Before making it to the big stage, they battled other students in their high school for a spot in the tournament. Freaks of Nature and solo artist Mannix Torres emerged as two of seven Science Genius Battles finalists. In the end, Freaks of Nature took home the title.

“They really didn’t believe in themselves winning,” Brooklyn Prep senior David Dourant said. “We were really their backbone.”

Dourant and fellow senior Peter Simms were in the Science Genius program with Freaks of Nature. While they were not finalists, they were like the official “hype-men” for the group — feeding the team energy so they could bring it.

Still, no one could have been more prouder of this win than their guidance counselor, Qiana Spellman, who helped launch the program this year at Brooklyn Prep. She introduced the idea to the principal who greenlit Science Battles to be part of the lunch club program. From there, Spellman pushed her students, encouraging them to bring ideas and work at the craft.

“It kinda tricks me into studying. I just passed my physics exam on accident.” — Peter Simms

“Some people think it’s corny — you hear science, you hear hip hop,” Spellman told NBCBLK. “No one expected it to be as dope as it is. No one expected them to be here. They are really, legitimately good whether they are talking about science or not, and now they’re taking a lot of pride in what they’re doing.”

Due to the success of this year, Spellman says she is working with her principal to make Science Genius an elective course so students can get credit for their work in the program.

For some students, the Science Genius Battles program is a win-win to tapping into their personal passions and achieving their academic goals.

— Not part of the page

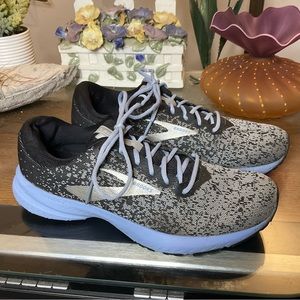 BROOKS WOMENS LAUNCH 6 RUNNING SHOES SZ 9.5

“In my science class now, I pay more attention because I’m looking to add it to my music and it’s easier to understand because I’m adding it to my music,” Millington said.

For Simms, it’s not so intentional, but there are benefits nonetheless.

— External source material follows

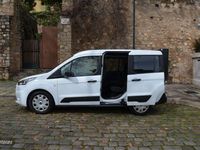 Usado Ford Tourneo Trend 100 CV (73 kW) 2022 Blanco Familiar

“It kinda tricks me into studying," he said. “I just passed my physics exam on accident.”

Results like these keep Adjapong working harder to make the program better.

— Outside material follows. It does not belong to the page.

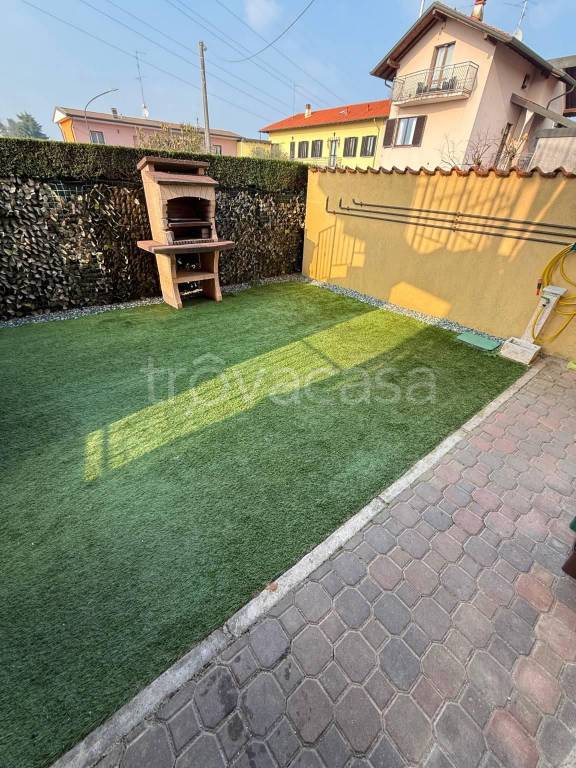 appartamento in vendita a Cislago in zona Massina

In his middle school experience, Adjapong says most teachers and students did not look like him. While he had a strong taking to the subject matter of science, he was disengaged because he felt like he couldn’t be himself in the classroom.

Having Emdin as his ninth grade teacher turned this all around.

Dr. Emdin, Tim Jones and Emdund Adjapong
Science Genius Program team consult with each other before the show to make sure everything is in order. (From Left: Dr. Chris Emdin, Tim Jones, Edmund Adjapong)Lauren Aseff

“He taught us science using youth culture and hip hop culture,” Adjapong said. “It just opened everything up for me. I was like ‘wow, I can actually do this.’ I can be who I want to be I could be who I want to be in that space. At that point, I saw the power of this.”

In addition to New York, Science Genius is in Chattanooga, Tenn., St. Lucie, Fl., Houston, Tx. and Toronto, Canada. Now in its fourth year, Science Genius Battles is a movement that intends to keep expanding to school districts across the country.

“We are in the process of moving to other cities,” Emdin said. “That’s is the most exciting piece of this work. We intend to keep growing globally and merge art, culture and science in powerful ways that reflect the culture of young people.”